• **ABOUT THIS TASK**: Leave out the pictures and repeat exactly the lines from the one containing "other-4|ID: prp329100004507898 ipo3291000000036081301" through the end of the records.

Recorded data:

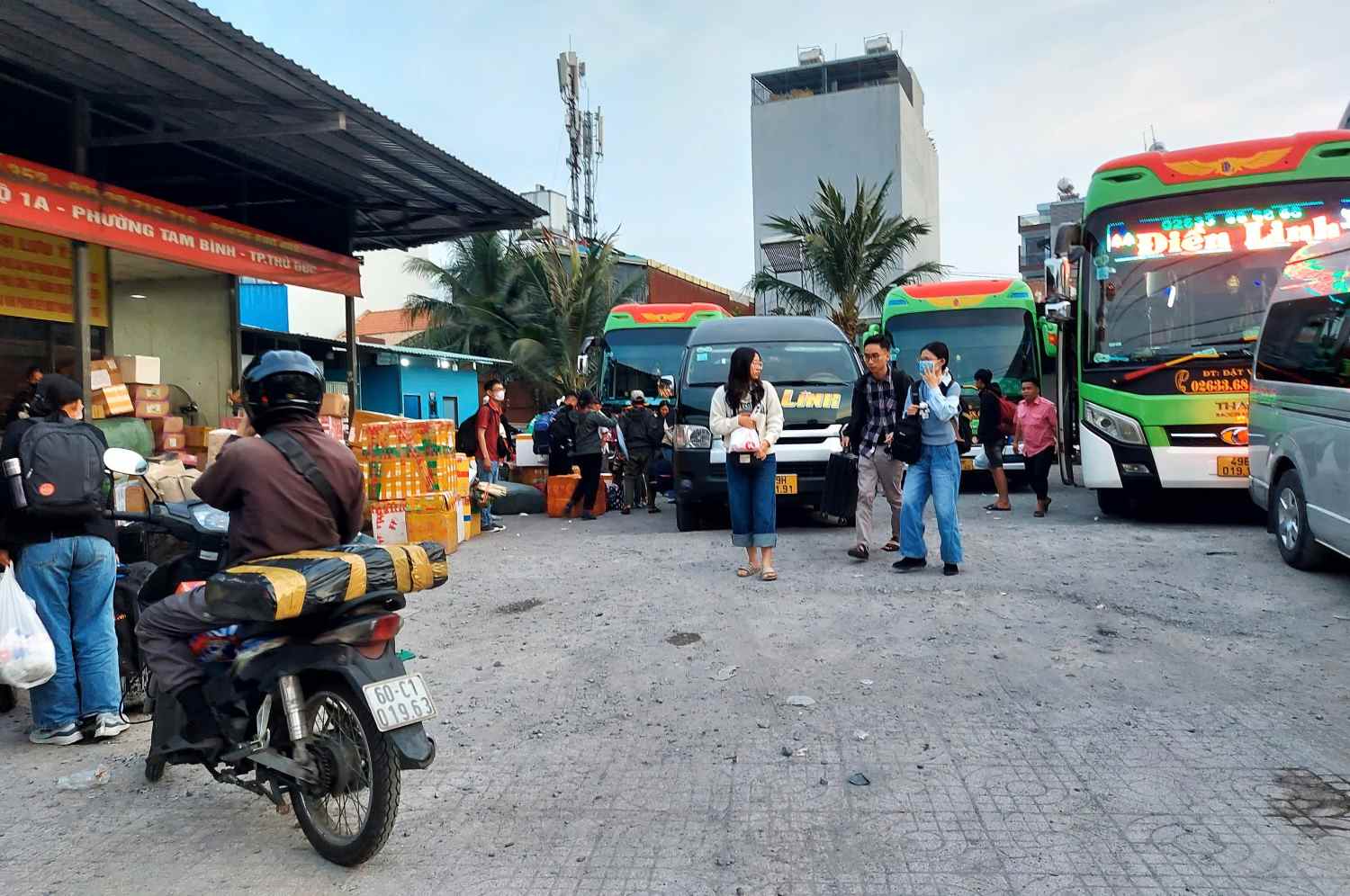 Mot nha xe mo diem don khach tren duong Do Muoi, doan gan cau vuot Go Dua (TP Thu Duc). 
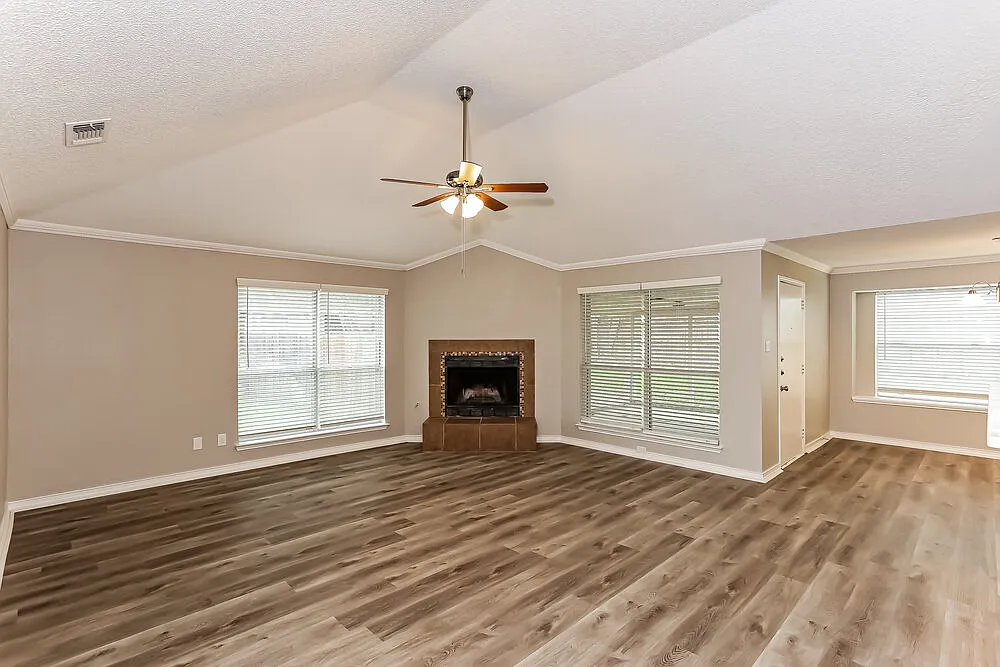 3 bed, 2.0 bath, 1526 sqft, $2,440 — Photo 3
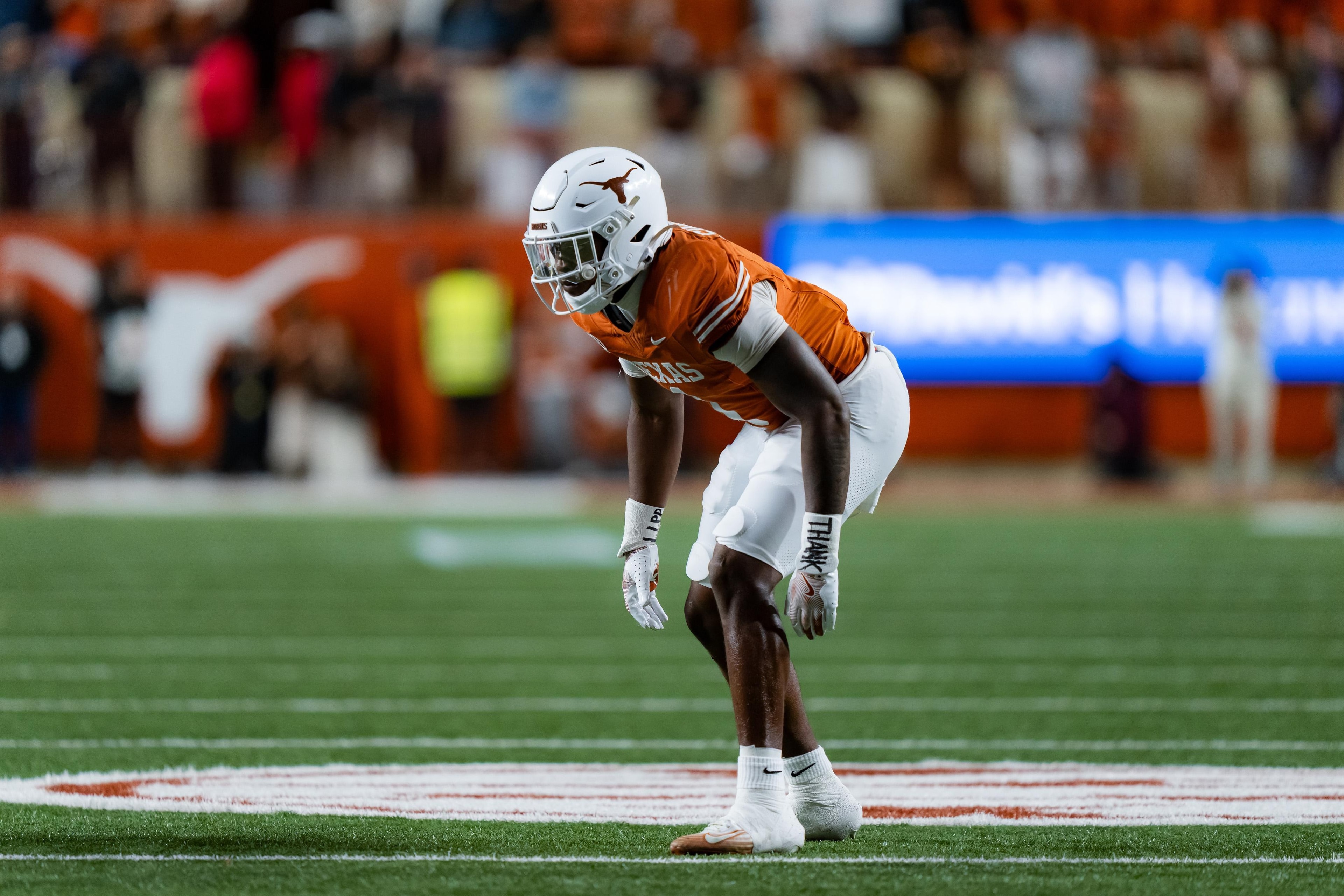 Texas’ Rasheem Biles and Colin Simmons repeat on Chuck Bednarik Award watch list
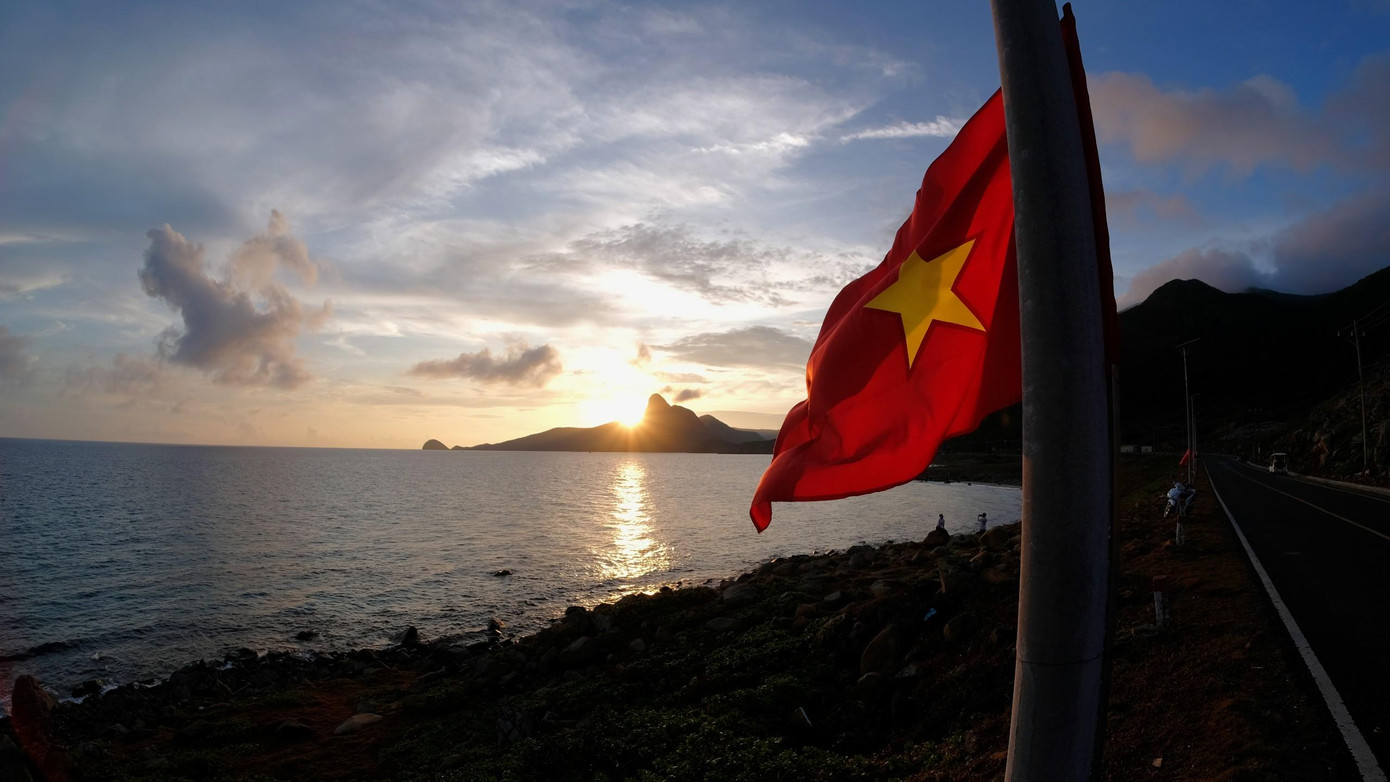 Theo các vận động viên (VĐV) đang tập luyện tại Côn Đảo, chạy giữa rừng cờ đỏ sao vàng luôn mang đến cảm xúc khó tả. Điều này như tiếp thêm năng lượng, cho các VĐV cố gắng hoàn thành cự ly của mình, dù đường chạy có khắc nghiệt đến mấy.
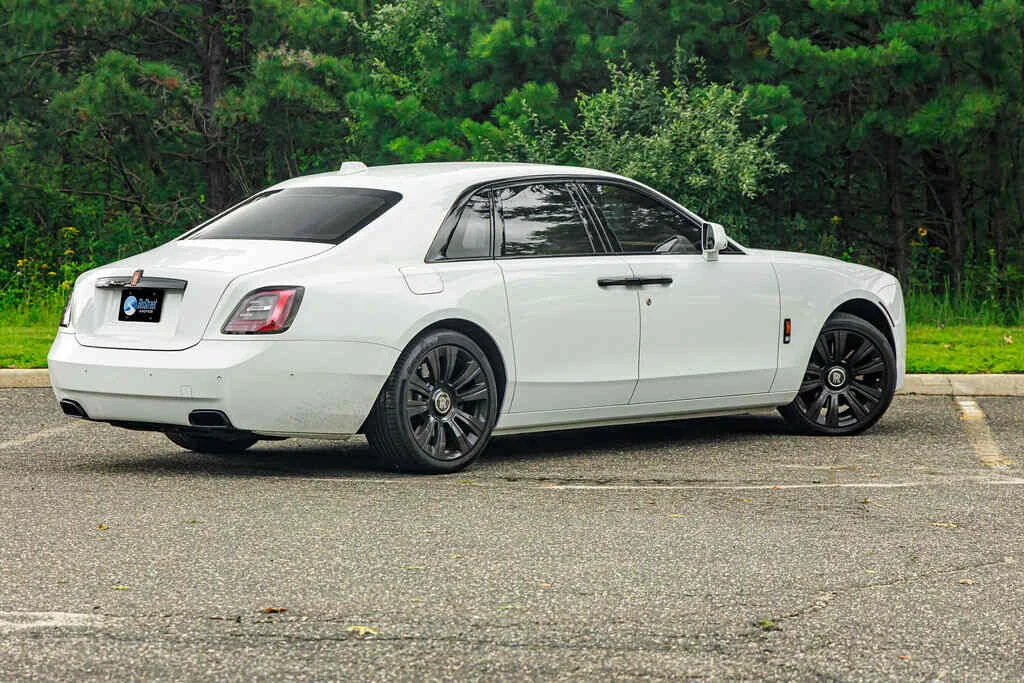 Rolls-Royce Ghost Black Badge photo 4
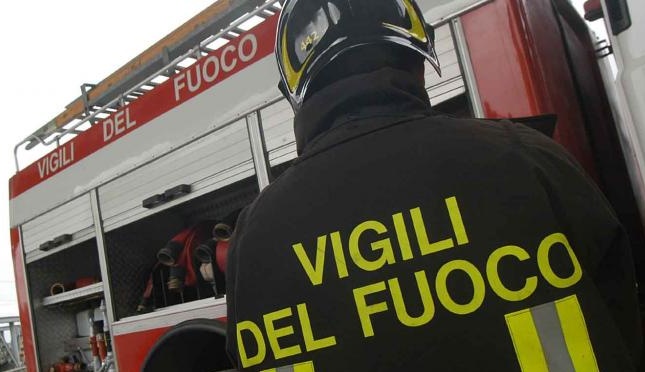 Incidente mortale nella notte, a perdere la vita un 31enne
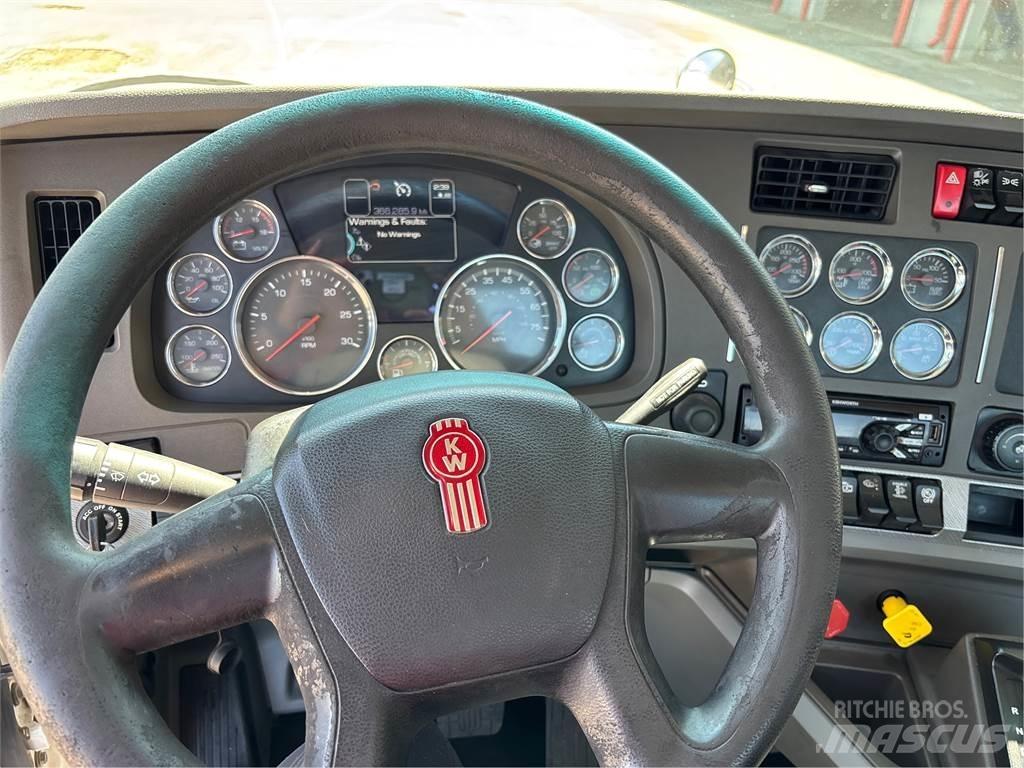Kenworth T680 وحدات الجر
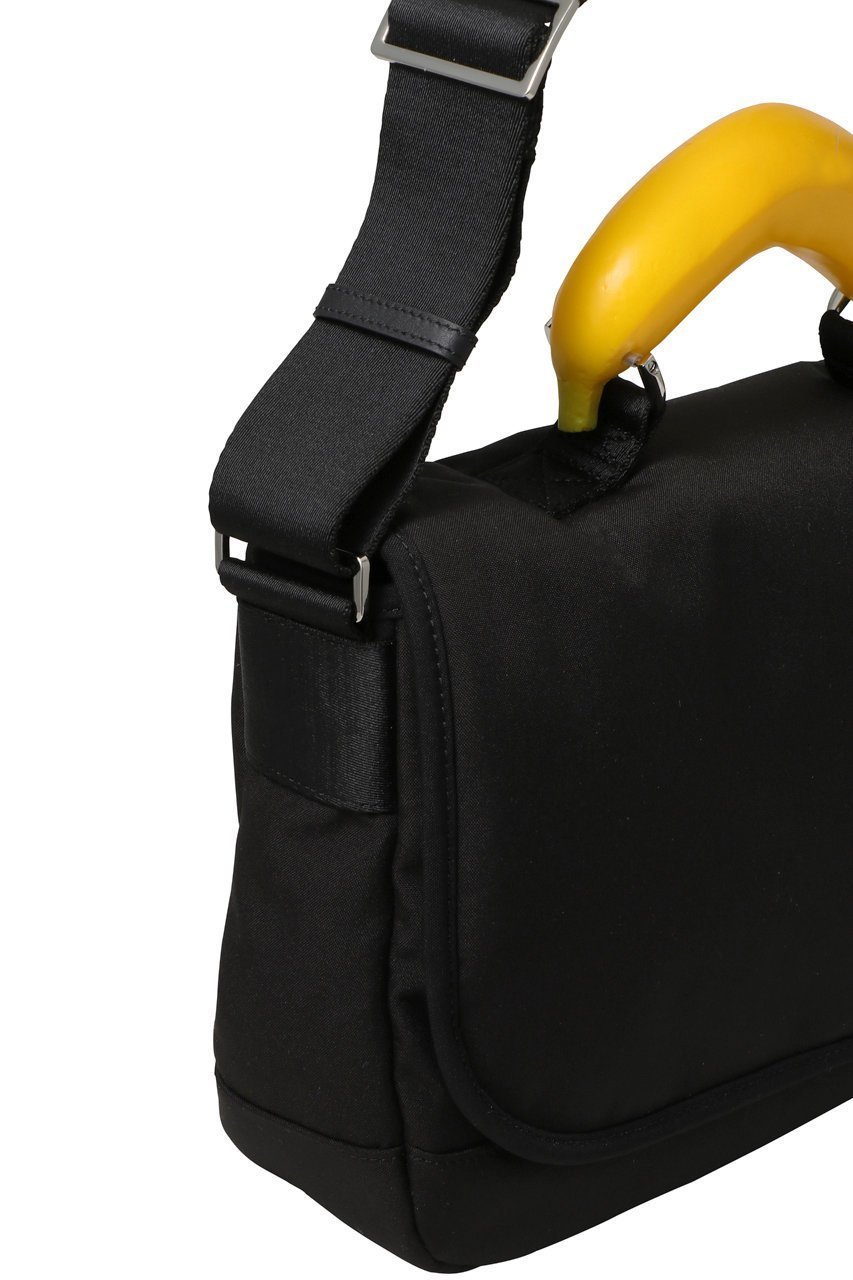 【メゾン ミハラヤスヒロ/Maison MIHARA YASUHIRO】の【UNISEX】BANANA ショルダーバッグ 人気、トレンドファッション・服の通販 founy(ファニー) ファッション Fashion レディースファッション Fashion for Women バッグ Bags ユニセックス Unisex, Genderless モチーフ Motif, Design Theme ワーク Workwear, Utility Style 人気 Popular, Best Seller 旅行 Travel other-4|ID: prp329100004507898 ipo3291000000036081301
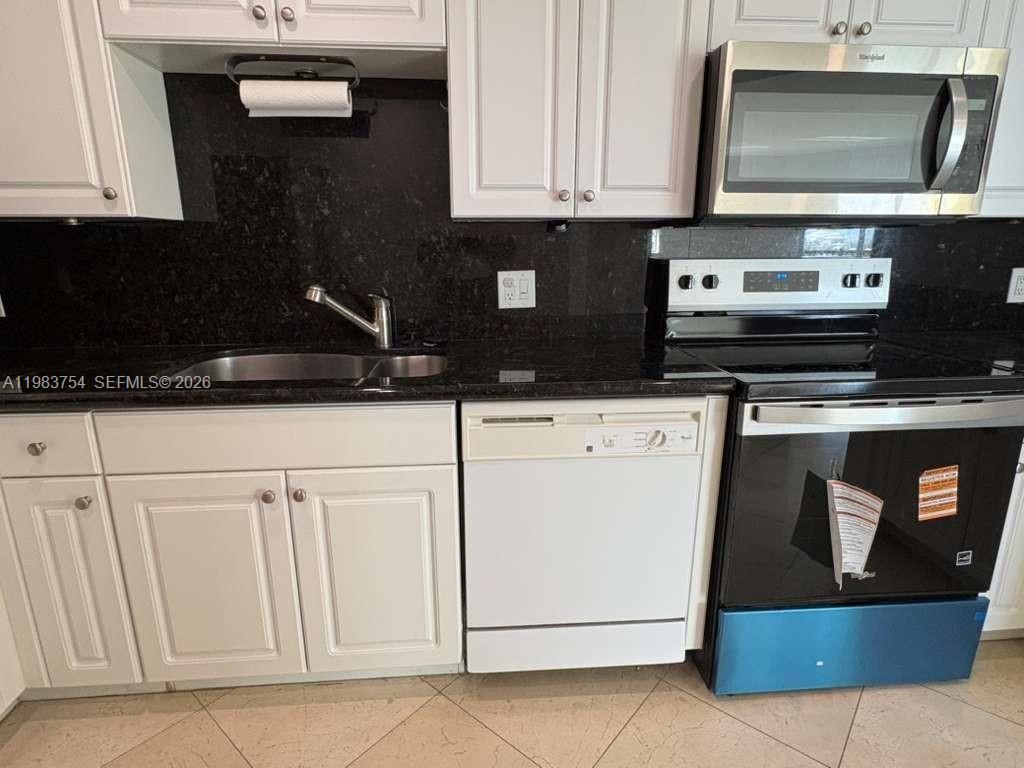 1627 SW 37th Ave , Unit 904, Miami, FL 33145 Photo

• **OUTPUT**:
 【メゾン ミハラヤスヒロ/Maison MIHARA YASUHIRO】の【UNISEX】BANANA ショルダーバッグ 人気、トレンドファッション・服の通販 founy(ファニー) ファッション Fashion レディースファッション Fashion for Women バッグ Bags ユニセックス Unisex, Genderless モチーフ Motif, Design Theme ワーク Workwear, Utility Style 人気 Popular, Best Seller 旅行 Travel other-4|ID: prp329100004507898 ipo3291000000036081301
 1627 SW 37th Ave , Unit 904, Miami, FL 33145 Photo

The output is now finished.